HAPPY TRAILS: Ancient Bhutan Trail to re-open after 60 years
The Kingdom of Bhutan is set to reopen the historic and sacred Trans Bhutan Trail for the first time in 60 years with Toronto-based G Adventures designated as an official launch partner. Such is the import of the occasion that the King of Bhutan will officially inaugurate the Trail, fulfilling a vision to restore the ancient route for tourism, adventure, and connection, and based on the Kingdom’s core principles of sustainability and sustainable tourism
Spanning 403 km across the country, which is perched in the Himalayas between India and China, the Trail was part of the ancient Silk Road, used by pilgrims, armies, and traders for thousands of years; and until the 1960s, it was the only way to travel across the country.

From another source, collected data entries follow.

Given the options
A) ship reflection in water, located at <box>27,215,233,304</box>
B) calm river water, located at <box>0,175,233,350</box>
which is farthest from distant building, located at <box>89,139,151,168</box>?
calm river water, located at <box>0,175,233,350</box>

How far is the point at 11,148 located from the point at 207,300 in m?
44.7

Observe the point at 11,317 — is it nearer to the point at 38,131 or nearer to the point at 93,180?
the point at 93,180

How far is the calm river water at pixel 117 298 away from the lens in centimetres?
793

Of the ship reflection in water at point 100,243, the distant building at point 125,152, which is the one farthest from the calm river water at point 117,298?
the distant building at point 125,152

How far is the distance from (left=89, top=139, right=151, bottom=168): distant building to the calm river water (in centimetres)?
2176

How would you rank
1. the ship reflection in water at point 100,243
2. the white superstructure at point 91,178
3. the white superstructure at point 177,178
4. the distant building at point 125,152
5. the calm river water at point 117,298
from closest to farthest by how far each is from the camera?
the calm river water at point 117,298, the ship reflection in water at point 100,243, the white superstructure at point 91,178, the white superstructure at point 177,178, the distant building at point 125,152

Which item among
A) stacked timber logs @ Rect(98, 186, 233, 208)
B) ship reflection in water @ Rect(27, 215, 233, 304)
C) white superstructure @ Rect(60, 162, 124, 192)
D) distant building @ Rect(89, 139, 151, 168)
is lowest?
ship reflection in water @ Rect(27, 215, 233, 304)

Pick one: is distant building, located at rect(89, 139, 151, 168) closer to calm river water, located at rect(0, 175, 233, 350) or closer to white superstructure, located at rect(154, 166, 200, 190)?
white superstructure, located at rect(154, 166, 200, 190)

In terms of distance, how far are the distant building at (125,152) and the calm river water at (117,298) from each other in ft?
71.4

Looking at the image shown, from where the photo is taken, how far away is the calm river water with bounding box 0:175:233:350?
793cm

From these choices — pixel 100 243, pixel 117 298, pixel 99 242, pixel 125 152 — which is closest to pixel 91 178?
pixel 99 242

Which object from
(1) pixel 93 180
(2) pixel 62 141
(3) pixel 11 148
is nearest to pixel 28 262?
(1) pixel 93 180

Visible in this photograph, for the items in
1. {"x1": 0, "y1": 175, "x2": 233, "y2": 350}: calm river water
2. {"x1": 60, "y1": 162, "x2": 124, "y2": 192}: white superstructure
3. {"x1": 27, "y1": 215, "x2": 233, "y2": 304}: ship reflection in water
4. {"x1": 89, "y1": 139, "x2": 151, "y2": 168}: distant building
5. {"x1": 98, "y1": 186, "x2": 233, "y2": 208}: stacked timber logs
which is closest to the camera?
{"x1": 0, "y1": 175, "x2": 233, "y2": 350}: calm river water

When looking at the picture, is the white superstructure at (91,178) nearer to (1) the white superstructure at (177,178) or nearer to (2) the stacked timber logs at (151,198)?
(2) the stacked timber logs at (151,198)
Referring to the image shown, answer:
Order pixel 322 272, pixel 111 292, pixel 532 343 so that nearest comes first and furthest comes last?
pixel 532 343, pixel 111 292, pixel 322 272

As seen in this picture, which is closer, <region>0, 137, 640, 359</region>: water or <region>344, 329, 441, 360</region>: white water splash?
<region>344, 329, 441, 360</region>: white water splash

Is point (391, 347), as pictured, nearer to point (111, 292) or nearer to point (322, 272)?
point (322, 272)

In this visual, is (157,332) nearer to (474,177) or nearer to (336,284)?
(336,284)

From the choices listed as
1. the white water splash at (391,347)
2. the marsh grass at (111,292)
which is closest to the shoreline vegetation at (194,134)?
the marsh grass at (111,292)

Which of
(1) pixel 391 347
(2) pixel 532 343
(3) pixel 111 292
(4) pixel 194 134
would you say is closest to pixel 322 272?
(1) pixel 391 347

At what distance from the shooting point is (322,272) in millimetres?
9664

Official records can be traced to the 16th century when the Trail was the only route between the east and west of the country, connecting fortresses – or Dzongs – deep in the remote eastern Himalayas. It also served as the pilgrimage route for Buddhists in the east to travel to sacred sites in western Bhutan and Tibet, and legendary Garps – trail runners – would travel the trail at great speed by foot with mail and important messages, often making their journeys without food or water.
When construction of a national highway began across Bhutan in the 1960s, the trail’s ancient stairways and footpaths gradually fell into disrepair.
Extensive restoration work began two years ago in preparation for this spring’s opening and last March a team of surveyors began clearing jungles, fording rivers and reconstructing bridges to their former glory, at the same time re-connecting with local communities, which provided hospitality and assistance, even as Bhutan and the world were enveloped in the emerging COVID crisis.
The Bhutan Canada Foundation, the non-profit that led the restoration of the trail, named Toronto-based G Adventures as the first group adventure operator when the trail launches to the public. (Visitors to Bhutan may only do so through a sanctioned tour operator).
Sam Blyth, chair of Foundation and lead donor for the Trans Bhutan Trail, said G Adventures, which has been operating tours in the Himalayan nation for the past decade, was an obvious partner to help relaunch the trail given the company’s long history and success running small group tours and giving back to destinations through its commitment to community tourism.
“As well as providing income opportunities for local people, especially youth, in rural communities, the restoration of the trail is a community-based project designed to preserve an ancient cultural icon and provide a sustainable experience for travellers,” Blyth says.
“Economic benefit will flow directly into the local communities as a result of community tourism, whether via homestays, the purchase of supplies locally for multi-day trips, or the employment of local guides.
“Spanning the world’s only carbon negative country, the Trans Bhutan Trail also reflects the country’s philosophy of ‘Gross National Happiness’ and enables the children of Bhutan to continue to walk in the footsteps of their ancestors. It’s our vision that one day the Trans Bhutan Trail will be considered one of the great walks of the world.”
Starting in May, G Adventures will offer two active trekking itineraries along the route: the 11-day “Camp the Trans Bhutan Trail” trip, which features camping and homestays, and a 12-day “Highlights of the Trans Bhutan Trail” itinerary with accommodation in homestays, locally owned guest houses, and hotels. Both packages include necessary Trail permits.
Company VP Yves Marceau says the tours will focus on trekking specially selected parts of the 403-km route and connecting with local people to learn about Bhutanese life and culture, thus combining active travel and cultural immersion with the benefits of community tourism.
Participants will hike for three to four hours a day through forests and meadows and travel through rural settlements around the Dzongs, and enjoy local meals each night, whether they are camping or staying in homestays, hotels or local guest houses.
“Trails have historically connected remote communities and helped distribute much-needed income to local people as travellers move across the landscape,” Marceau says. “In today’s world, the pandemic has encouraged people to spend more time in nature and now they are looking for similar experiences when they travel.”
It is expected that Bhutan’s borders will reopen to tourism ahead of the Trans Bhutan Trail’s official opening ceremony in March.